Oklahoma Sooners’ offensive struggles continue, just squeaking by Texas Longhorns


Oklahoma’s 31-26 win over Texas was one that was not celebrated, at least not for long, by the Sooner faithful. That should be understandable to anyone who watched OU on offense, especially in the first half. Oklahoma managed just 232 yards of offense and converted just one third down on 11 opportunities. In short, it’s back to the drawing board for Josh Heupel.

The Bad News

The bad news is that Heupel and the Sooners were atrocious offensively in the first half against the Longhorns, posting that aforementioned horrifically bad total yardage number. For perspective, Oklahoma’s defense played fairly well aside from a couple mishaps from S Ahmad Thomas (I’d analyze those but I’m trying to keep this a G rated post) and STILL allowed 250 (!!!) more yards than the Sooners offense was able to muster.
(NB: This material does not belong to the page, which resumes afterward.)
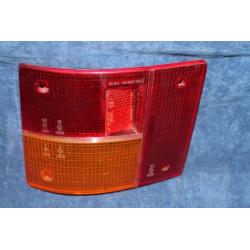 A112 2°S.  PLASTICA PER FANALINO POST. SX (SENZA RETRO)  OLSA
Once again, it was the game plan in the first half that completely stifled any potential rhythm that Oklahoma could have come up with. Heupel handcuffed Knight with more of those “zone reads” and completely failed to put the ball in playmakers hands in space. Samaje Perine saw a good bit of work in the first half, but that play (why does he seem to only have one play?) is being stopped more often than not these days.

The insistence of interior running and lack of creativity despite boundless personnel combinations made things very difficult for OU in the first half, and the scoreboard reflected that. If not for a KR TD from Alex Ross (he needs the ball more in space) and a pick six from Zack Sanchez (plus: eight tackles!!) the Sooners would have put up just three points in the first half. And if not for a 15 yard penalty for destroying Sterling Shepard on the punt return to start the drive, OU would have been scoreless.

The Good News

Heupel came out with a much better idea of how to attack the Longhorns defense in the second half. We saw plays that involved Shepard, Neal, Ross, and others with the ball, on the outside, and in space. And for the most part, it worked. And even though that double-reverse that Heupel tried early in the third quarter didn’t work, that’s the kind of play that will make Oklahoma successful this season.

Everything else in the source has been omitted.